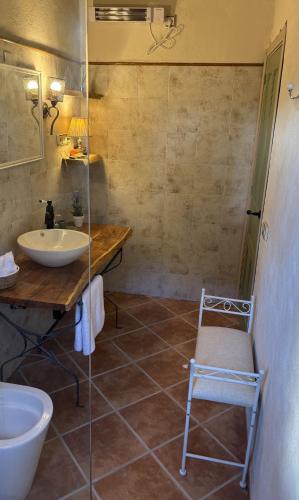 a bathroom with a sink and a toilet and a chair at Masoala Forest in Piera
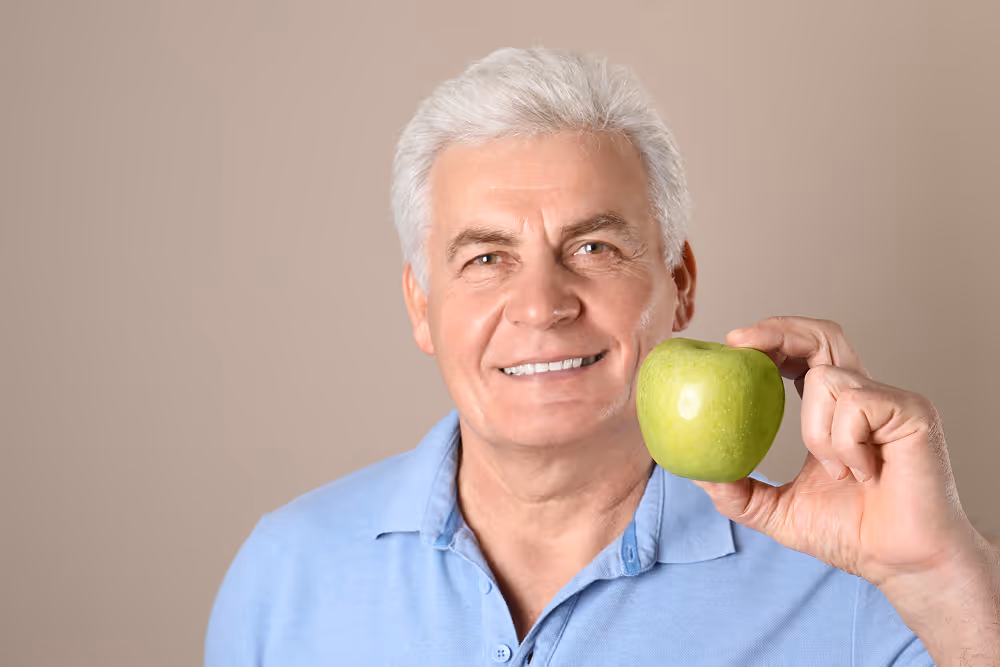 Person smiling and eating comfortably after dental implant treatment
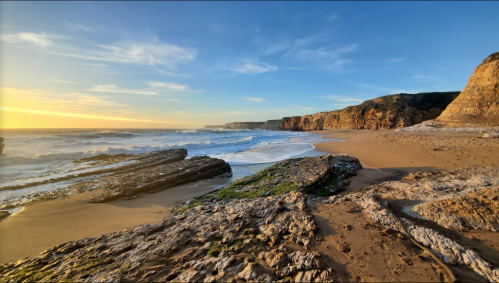 A serene beach at sunset, with rocky formations, gentle waves, and cliffs in the background under a clear blue sky.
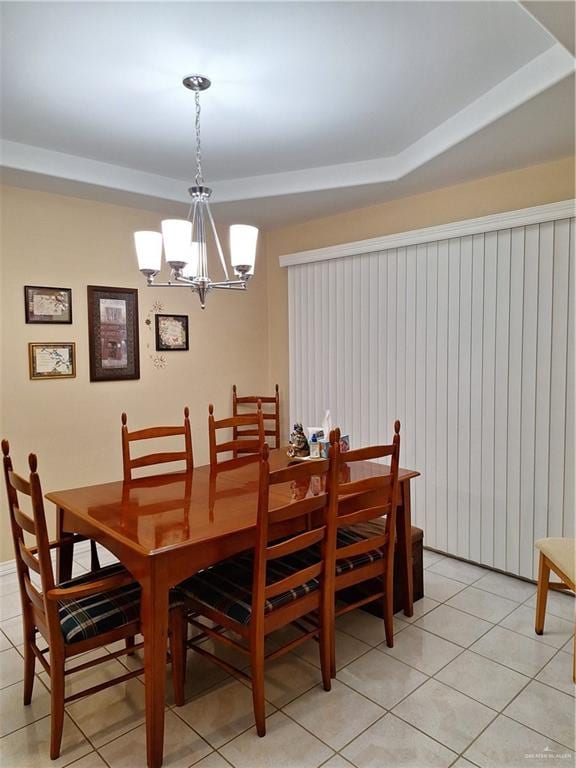 dining space with light tile patterned flooring and a notable chandelier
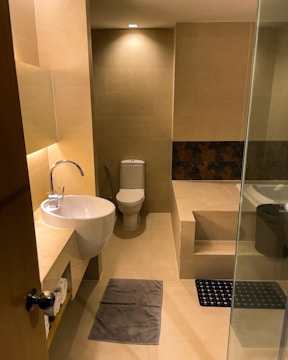 A modern bathroom with beige tiled walls and floor. It features a wall-mounted round sink with a curved faucet, a toilet positioned at the far end, and a raised platform holding a bathtub partially covered by frosted glass. The lighting is warm, enhancing the neutral tones. A small mirror hangs above the sink, and there are rolled towels on a shelf below.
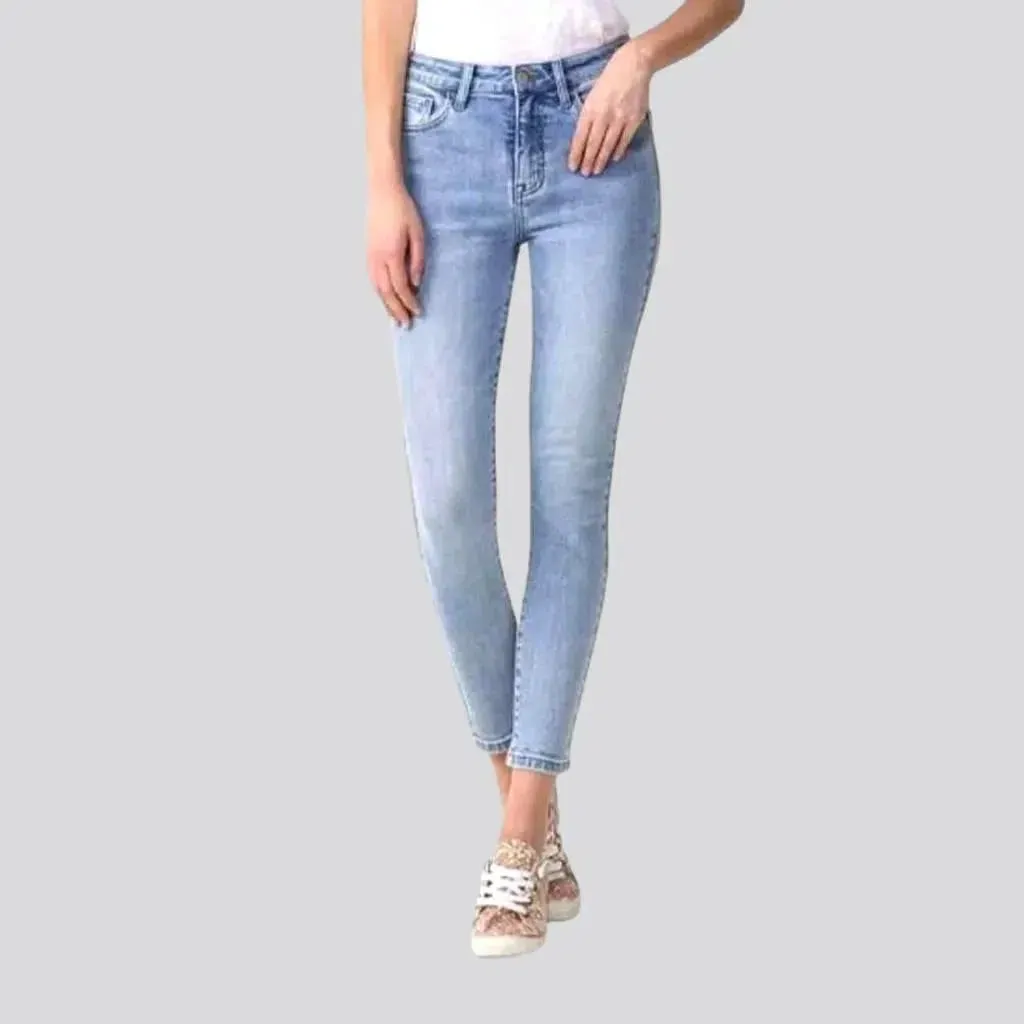 Light-wash whiskered jeans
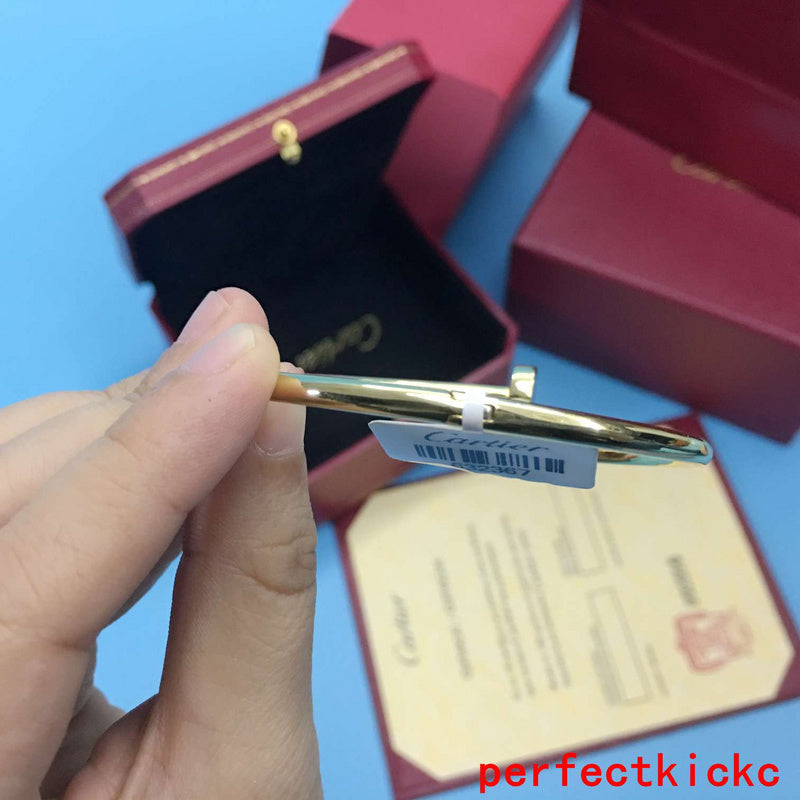 Angled view of Cartier unisex jewelry piece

** THE PROBLEM **
Each line between the one holding "A serene beach" and the one holding "dining space with", inclusive, should be copied exactly as it appears above, and pictures should be omitted.

** EXPECTED ANSWER **
 A serene beach at sunset, with rocky formations, gentle waves, and cliffs in the background under a clear blue sky.
 dining space with light tile patterned flooring and a notable chandelier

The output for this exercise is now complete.